Stephen A. Fuqua (SAF) is a Bahá'í, software developer, and conservation and interfaith advocate in the DFW area of Texas.

Diagnosing an Obnoxious Reporting Timeout Problem

December 24, 2008

We had a horribly pernicious timeout problem recently. It was occurring in a .Net 2.0 application written to retrieve  reports from SQL Server 2005 Reporting Services via its web services interface. The query behind the report was a bit large, but typically would run under 30 seconds. We had judged that new indexes were out of the question because of their impact on the already slow program that loads the key data. All of the sudden, we started getting continuous timeouts. After a couple of days, the underlying query was up to 15 minutes execution time!

In the end multiple interacting problems had to be solved in order to get the reports running properly. For the past few weeks they've been running without a hitch.
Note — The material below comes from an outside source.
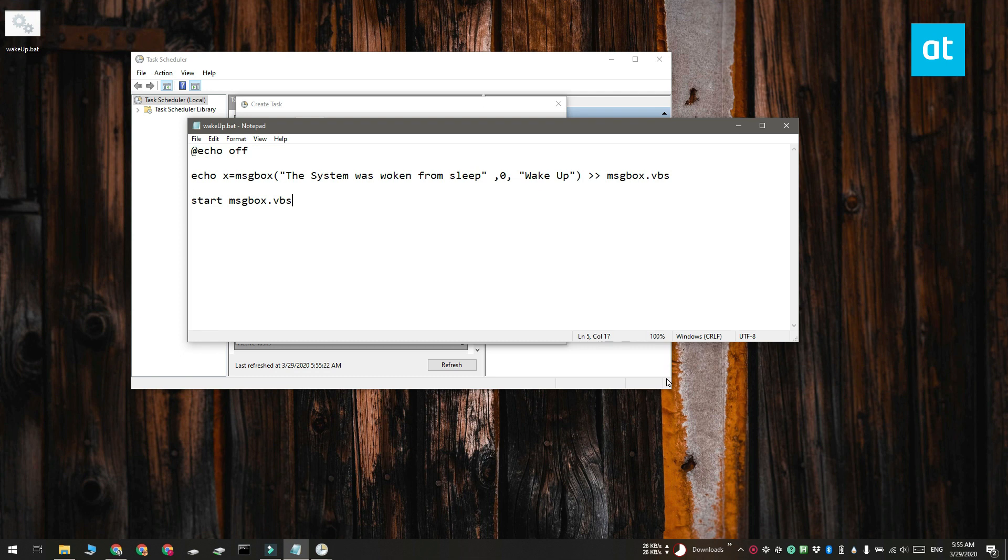The script can be created in Notepad. Go ahead and open a Notepad file and paste the script into it. It's on your screen right now. Save it with the .bat extension.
Lesson 1: Optimization Plan Over-Dependence

Query execution plan shows you where the work is occurring for a particular optimized plan. But, there may be something that is causing the SQL engine to optimize incorrectly – that something may not stand out as a problem in the execution plan, but removing it could make a significant difference. When you have a nasty query, taking far longer than you reasonably expect, and your optimization strategies have failed you, then try removing bits of the query to see what happens. The SQL Engine may suddenly be able to run a more optimum execution plan. Of course you’ll have to look to an alternative way of getting the information you excluded from your query.

This was a complex query, as I said, that used a CTE and a temporary table. Re-arranging one part had the unexpected effect of bringing the query time, when executed by hand, down to just a few seconds. But the next night, the report timed out again.

Lesson 2: Web Service Timeout

I suddenly remembered that the difficult query is in reporting services, rather than in the application. So why was the application throwing a timeout message anyway? The problem lay with Reporting Services, due to dynamic compilation. I’ll let Microsoft describe dynamic compilation of ASP.Net websites (and web services), which includes Reporting Services:

By default, ASP.NET Web pages and code files are compiled dynamically when users first request a resource, such as an ASP.NET page (.aspx file), from a Web site. After pages and code files have been compiled the first time, the compiled resources are cached, so that subsequent requests to the same page are extremely efficient.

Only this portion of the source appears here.